NYU AWS EC2 Snapshot Overview
There is an Operational requirement to provide AWS-hosted workloads with point-in-time snapshot level backup protection in virtual environments. This standard is designed to provide a basic level of protection in the event of running instance corruption, failure, or inadvertent deletion. Implementation of this standard will enhance our Operational capabilities and build confidence in the delivery of EC2 cloud services to our customers.
This document specifically covers the EBS volume backup. For certain instances, additional backup methods may be required. For database instances in particular, backup mechanisms such as RMAN may still be required to ensure optimum RPO/RTO and DB consistency.
EC2 Recovery Objectives
The default recovery objectives outlined below are dictated by budgetary constraints. If an individual application has additional requirements, deviations from the standard are granted by request and subject to review based upon NYU business criticality.

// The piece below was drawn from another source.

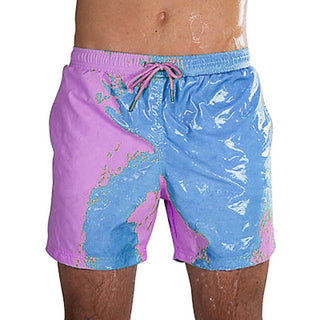 Buy blue-purple Men Magical Color Change Beach Shorts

- Recovery Point Objective (RPO) – maximum of 24hrs
- Recovery Time Objective (RTO) – maximum of 2hrs
The RTO refers to the EC2 instance restoration only and does not necessarily include service restoration times. A successful restore is dependent upon a consistent snapshot.
Lifecycle Policy Details
Note: This Lifecycle policy currently exists as Beta pilot in both Dev and Prod
Description
- Naming convention – [aws account name]-backup-[period]-retention
- Example – dev-backup-2-day-retention
- Syntax
- All characters are strictly lower case
- Remove whitespace from values
- Separate values with dashes
Schedule Name
- Naming convention – [frequency]-[time]-utc
- Example – every24hour-5am-utc (e.g. Daily @ 05:00 UTC)
- Syntax
- All characters are strictly lower case
- Remove whitespace from values
- Separate values with dashes
- All times in UTC
Retention Rule
- Minimum of 2 days
- Maximum of 30 days
Tagging Requirements
ESB volumes must be tagged in order to be backed up.

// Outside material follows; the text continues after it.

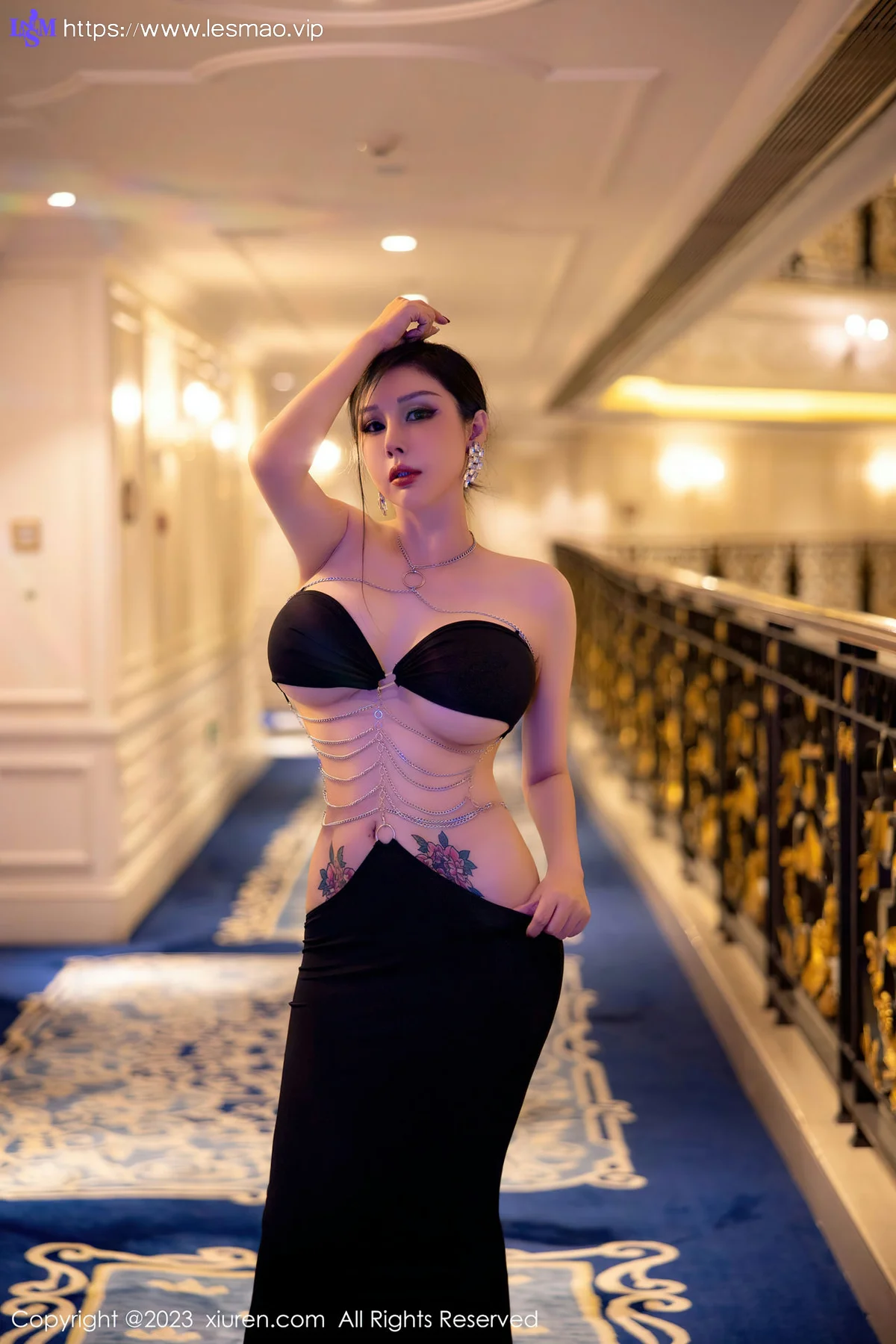 XiuRen 秀人 No.6304 田冰冰 黑色长裙性感写真 - 5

- Create new tag key “backup”
- Set backup tag value to “yes”
- Apply backup tag to all volumes requiring daily snapshots
Please see NYU Cloud Tagging Strategy for full details on tagging syntax.
Note: Current iteration is binary(i.e. backup=yes). Future iterations may allow for backup tag key to specify a more specific backup policy (i.e backup = 30 day or 15 day, assuming policies may evolve for various needs of applications, services and clients).